Thank you so much for the information I was originally told 1/2" line would not work. worse part about this is I almost went with vortex guess it is just proof you should go with your gut. I think I already have the arbor pro line as it was in the hitch cord sampler. Now I am torn between buy a new rope to give it a try on that or upgrade to a rope runner or go the wrench rope route. I think I can see where this is going I am going to pay for Mr Bonner's children's education.

All my explorations into new gear and technique produce a collateral pile of useless stuff before I get to what works me, goes with the territory.
-AJ
 
What works for me is Vortex 12.7mm with an Arb Pro 9mm hitch cord. Vortex is a standard 24 strand double braid so is not a static rope, but it feels like one due to it's high strength. It can elongate when loaded heavily which makes it a good choice for tree work.

Smooth climbing is safer than bouncy climbing. Using a static rope will not make you a smooth climber, it will just feel smooth. If you are still bouncing you will be putting excessive force on your suspension points.

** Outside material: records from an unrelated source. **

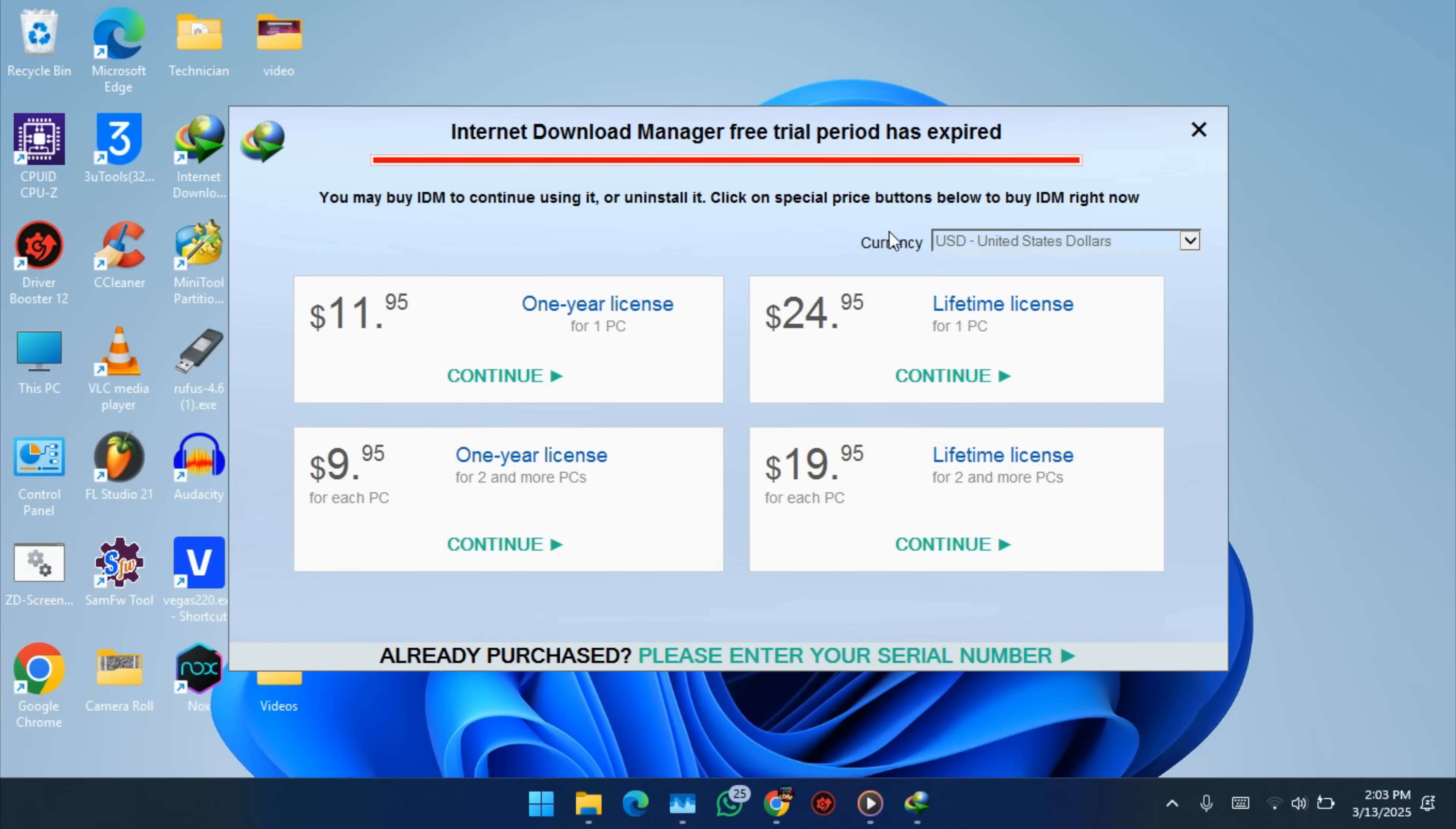Yo guys, so today I'm going to show you how to stop this annoying window of Internet Download Manager from appearing on your screen every time. So now we just have to close this.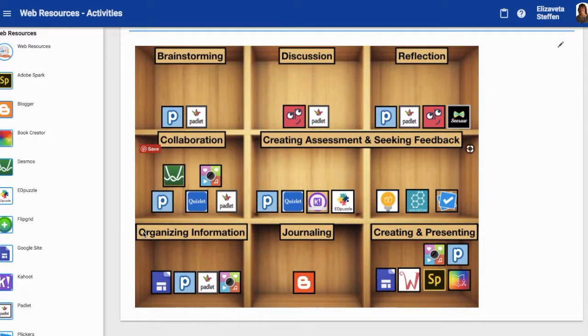You'll see a screen that organizes the web resources by the different types and the ways that you can use them in the classroom, such as brainstorming, discussion, reflection, etc.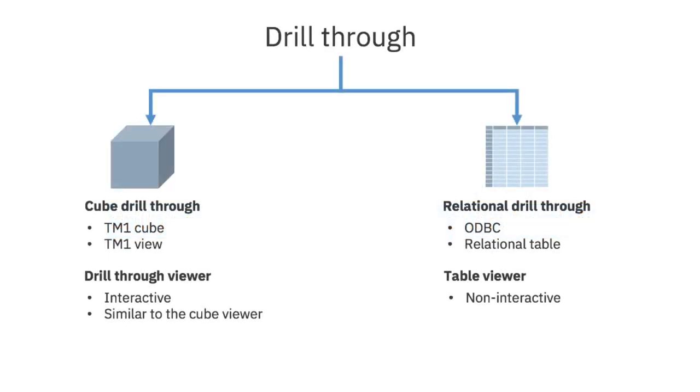Depending on the data source, you can either perform a cube drill through or a relational drill through.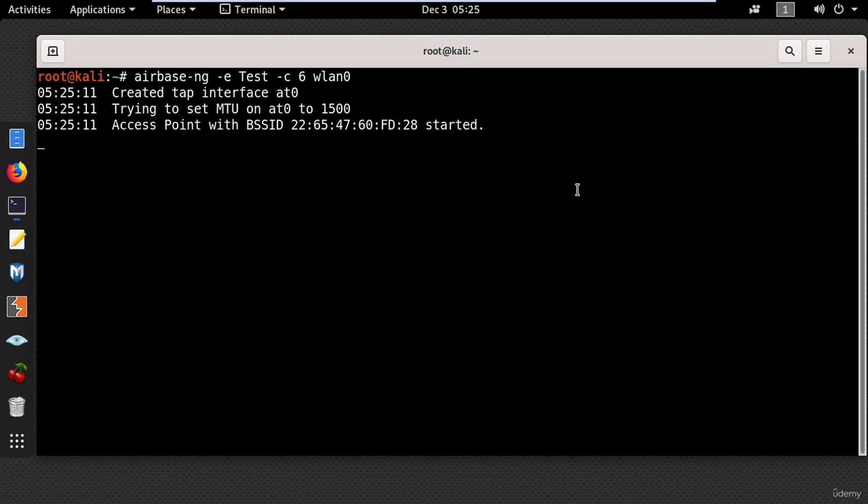And now the access point is up and running. So that's it for now, thanks for watching and I will see you next time.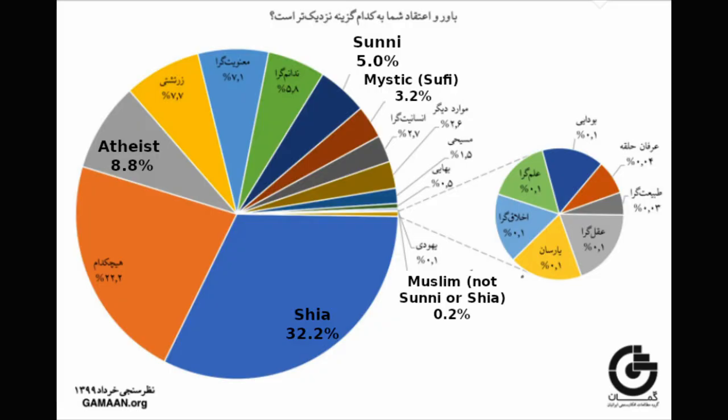Likewise, GAMEN also asked if respondents believed in God, and more than 78% said yes. So where are the rest of the people if not in the atheist camp? By far the biggest chunk, 22%, selected none, here meaning none of the options listed, including atheism, matched their current beliefs, not that they have no religious beliefs at all. Another 5.8% selected I don't know, and 7.1% selected generic spirituality.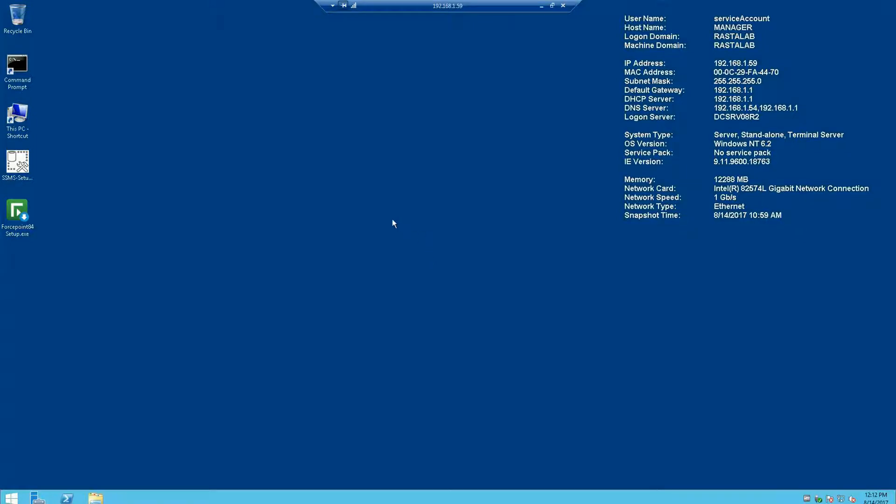The very first thing I'd like to go over is preparation. Preparation is key in any Forcepoint product installation. We have several documents and guides out there that explain how to properly size your servers that you're installing this on as well as how to properly set up the OS before installation.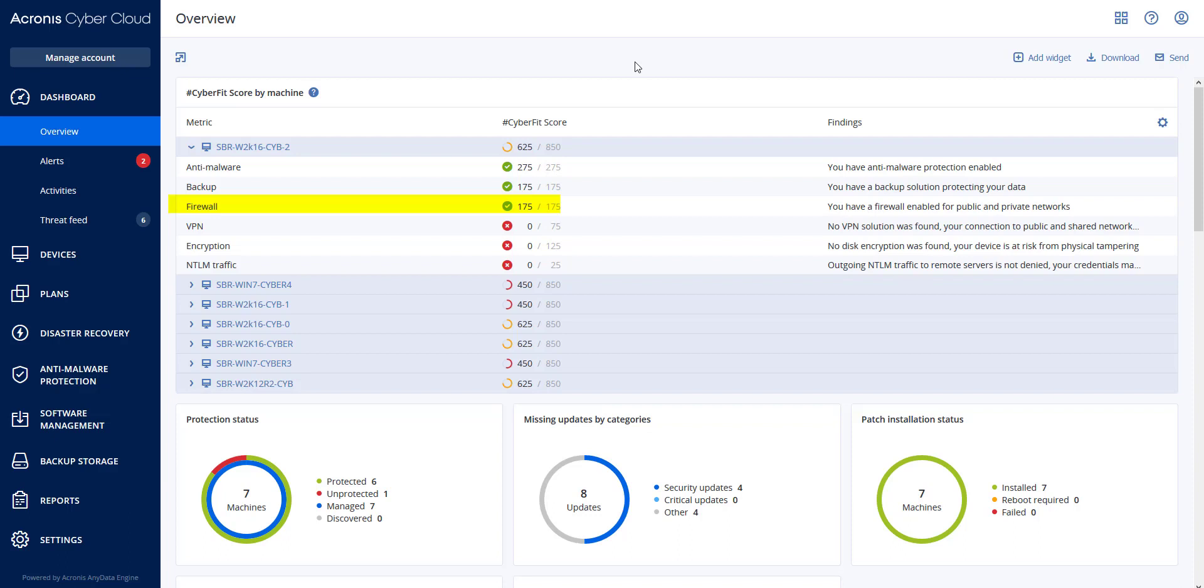And finally, zero points if no firewall has been enabled. For VPN: no points if no virtual private network is enabled, and 75 points if you have a VPN enabled and running.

Has anyone tried the Yale imori it seems to be a neat rope option just curious about the performance and would this fit the standards specified above
 
Has anyone tried the Yale imori it seems to be a neat rope option just curious about the performance and would this fit the standards specified above

While I've never used Imori, I've read that it is on the more dynamic side. I have also read that the 'random' weave makes it inconsistant with hitch feel.
 
Ok here is my current attempt thanks for your info guys. Standard wrap work on the top as in exactly what the directions say. But using blue bee line. Secondly I must make a side note for those that have trouble feeding the top through the dog bone. Automotive hear shrink works great but don't stop it at the end push it over the end a bit like a 1/2" this will almost give a taper look to end making it easy to get through the dog bone.